The way Beckert tells the story, it seems to me, is that there have essentially been five major epochs in global cotton production and manufacturing.

First, for most of world history, cotton was a locally produced and consumed commodity. Eastern Africa, South Asia (India, specifically), and Central America were the cradles of the early cotton industry, which Beckert writes developed independently, yet along similar lines as the raw cotton was processed and spun in close proximity to where it was grown, usually in individual households and by women.

Second, over the course of centuries beginning around 1500, Europeans radically transformed the world of cotton through what Beckert calls “war capitalism”: a violent mixture of imperial expansion, slavery, and land expropriation. To start, Europeans captured the international trade network of Indian textiles from the overland Arab traders once sea routes were mapped and key coastal port cities dominated. Control of the transportation network then reinforced the system as African slave traders demanded Indian calicoes for their human chattel that were, in turn, required to work the sugar fields of the West Indies that generated massive wealth for the semi-private companies operating out of London and Continental Europe. The last piece of the cotton process puzzle to elude Europeans was manufacturing, primarily because they had no ready access to raw cotton and the labor costs of European workers were orders of magnitude greater than that of rural Indians.

Third, and in this reviewer’s opinion the real heart of the story, is Europe’s rapid and shocking domination of textile manufacturing beginning in the 1790s, and the associated role of slavery in the American South in making that happen.

The construction of Samuel Greg’s simple little factory, Quarry Bank Mill, on the Bollin River outside of Manchester, England in 1784 might have seemed unremarkable at the time, but it set in motion “the most important event in world history,” according to the celebrated (Marxist, it must be noted) historian Eric Hobsbwam: the Industrial Revolution. Beckert argues that war capitalism – that aforementioned combination of slavery, colonial domination, militarized trade, and land expropriations – provided the foundation for industrial capitalism, and the manufacturing of cotton would be the driving commodity behind its development. Indeed, Beckert writes, “industrial capitalism was the offspring of war capitalism, the previous centuries’ great innovation.”

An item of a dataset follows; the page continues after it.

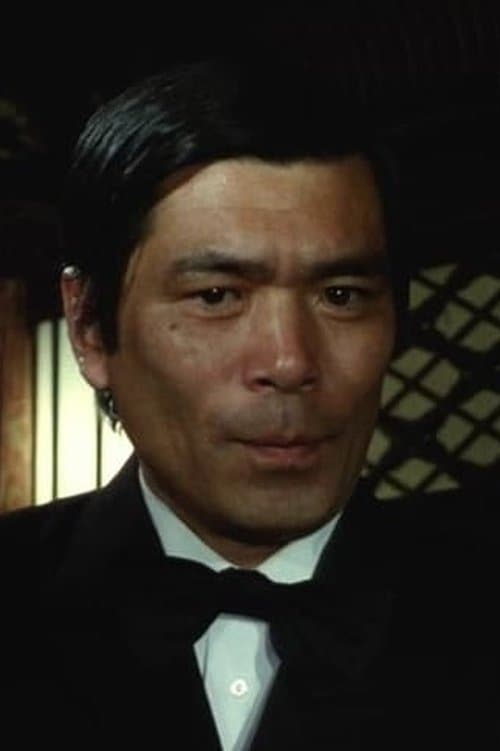 Eimei Esumi image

War capitalism had given England control over many nodes in the global cotton network, but manufacturing still eluded its grasp. The primary challenge was labor rates. The only way the British could hope to compete with the Indians who had dominated the market for centuries was through massive productivity gains leveraging new technology. British innovations like the flying shuttle (1733), spinning jenny (1760), water frame (1769), and mule (1779) combined to produce breathtaking efficiencies. For example, it took an estimated 50,000 man-hours to produce 100 lbs. of raw cotton in India in the 1750s. By 1790, water-powered British factories around Manchester had cut the time to 1,000 hours, and would drop to 300 hours by 1795.

Beckert writes that cotton manufacturing “was the first major industry in human history that lacked locally produced raw materials.” As British manufacturing skyrocketed, so too did the demand for (and price of) raw cotton. The production methods of the traditional suppliers – India and the Ottomans – simply could not keep up. Manchester traders turned to the West Indies and their large slave plantations to pick up the slack, which were effective but constrained by limited available land for expansion into cotton, fierce competition from sugar farming, slave rebellions (Haiti had provided 24% of England’s cotton before the 1791 revolt), and eventually the war with France.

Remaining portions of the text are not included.